Ariane's one strategy to gain Frank's attention is to hold up a mirror and talk his walk, pretending that she behaves as he does, arousing intense jealousy as Frank finally has to confront the emptiness of a life full of women but lacking the one woman. It's the film's central hook, and it works beautifully thanks to Hepburn's seductively intellectual approach to her quest. And Hepburn is the film's main asset, displaying her coy appeal, giving Ariane a delightful spirit of level-headed rebellion mixed with insecurity.

Frank: Everything about you is perfect.
Ariane: I'm too thin! And my ears stick out, and my teeth are crooked and my neck's much too long.
Frank: Maybe so, but I love the way it all hangs together.

Even with Hepburn in top form, Chevalier steals every scene that he is in, creating in Claude Chavasse a memorable father pretending to still have some control over his daughter while knowing full well that she is off on her own, enjoying new adventures inspired by his own detective work.

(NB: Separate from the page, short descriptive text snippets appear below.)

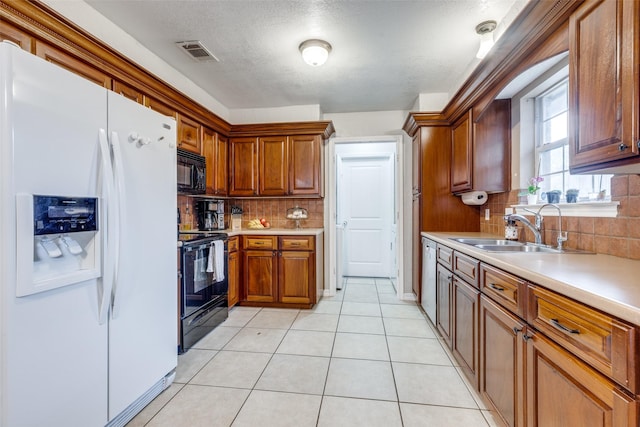 kitchen with light tile patterned flooring, tasteful backsplash, sink, black appliances, and a textured ceiling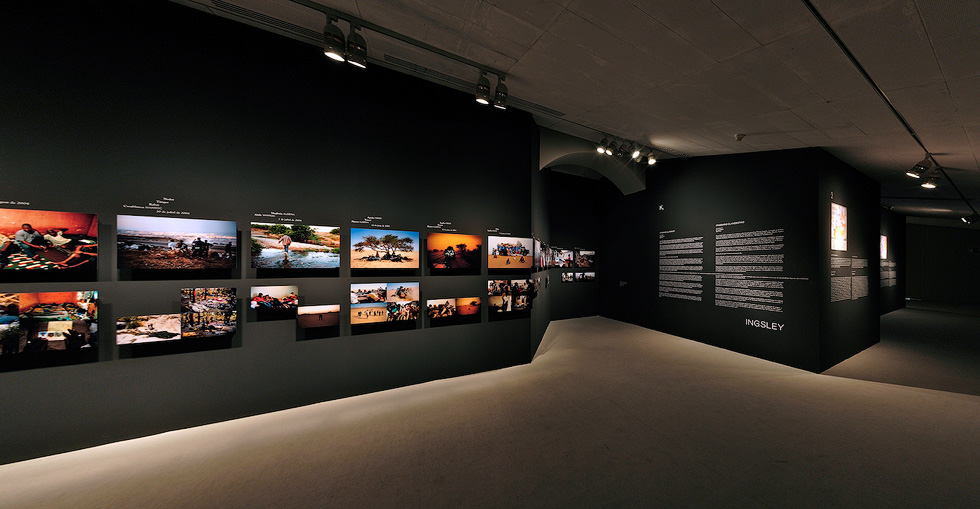 A gallery showcasing a series of photographs and descriptive text panels on dark walls, illuminated by focused spotlights.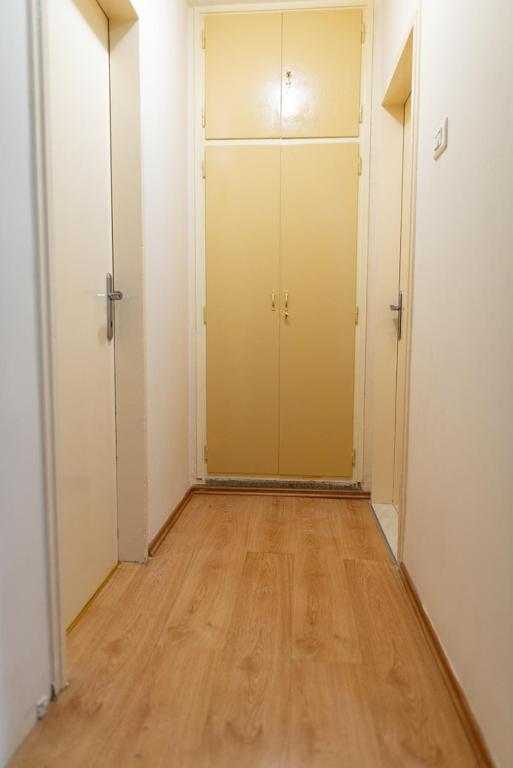 an empty room with a closet and a wooden floor at Apartment Duje in Split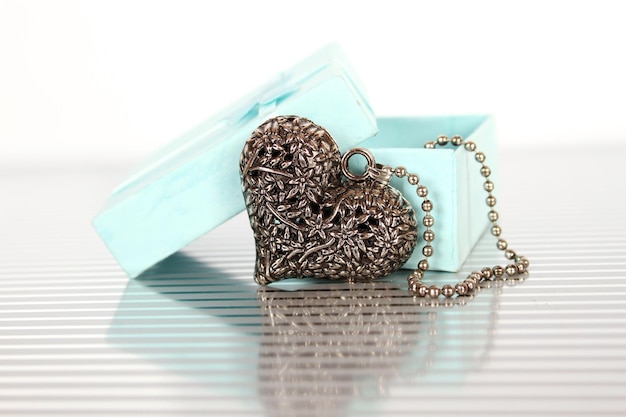 Closeup of a heart necklace in a gift box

Ariane: Papa, you are a cynic!
Claude: I guess I am.
Ariane: You enjoy your work!
Claude: I guess I do.
Ariane: You'd enjoyed it even if you weren't paid for it!
Claude: I wouldn't go that far.

The one recurrent elaborate gag running through Love In The Afternoon is a good one: Frank has a musical foursome known as the The Gypsies at his disposal, and they follow him around on his travels providing musical accompaniment to his numerous trysts. The Gypsies provide the film with dry humour and an entertaining musical score, although Fascination is eventually overused to distraction.

Love In The Afternoon is an imperfect but still enchanting romance, celebrating love's ability to overcome and soar, any time of day.